> Problem description
Here are some records; copy every line that holds the word "murale".

> Items listed in a dataset
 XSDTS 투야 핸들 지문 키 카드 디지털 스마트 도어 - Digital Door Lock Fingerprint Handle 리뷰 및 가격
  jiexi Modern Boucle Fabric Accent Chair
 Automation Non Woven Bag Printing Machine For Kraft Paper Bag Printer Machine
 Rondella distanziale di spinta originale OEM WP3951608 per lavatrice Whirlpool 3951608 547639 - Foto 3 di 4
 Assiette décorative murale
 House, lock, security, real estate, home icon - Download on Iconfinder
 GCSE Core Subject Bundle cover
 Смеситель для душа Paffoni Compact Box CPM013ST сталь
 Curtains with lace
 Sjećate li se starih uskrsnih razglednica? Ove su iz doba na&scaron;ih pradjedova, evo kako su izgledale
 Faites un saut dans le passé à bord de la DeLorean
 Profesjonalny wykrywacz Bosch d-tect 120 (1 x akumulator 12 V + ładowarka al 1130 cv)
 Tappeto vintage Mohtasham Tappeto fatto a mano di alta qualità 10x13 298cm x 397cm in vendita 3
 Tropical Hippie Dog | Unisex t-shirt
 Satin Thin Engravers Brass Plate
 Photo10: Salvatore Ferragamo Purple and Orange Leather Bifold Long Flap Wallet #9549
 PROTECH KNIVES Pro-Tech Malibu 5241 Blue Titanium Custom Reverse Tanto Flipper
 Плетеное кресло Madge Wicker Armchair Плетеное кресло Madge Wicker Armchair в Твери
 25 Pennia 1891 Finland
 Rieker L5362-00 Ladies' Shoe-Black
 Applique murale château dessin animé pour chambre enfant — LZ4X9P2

> Solution below
 Assiette décorative murale
 Applique murale château dessin animé pour chambre enfant — LZ4X9P2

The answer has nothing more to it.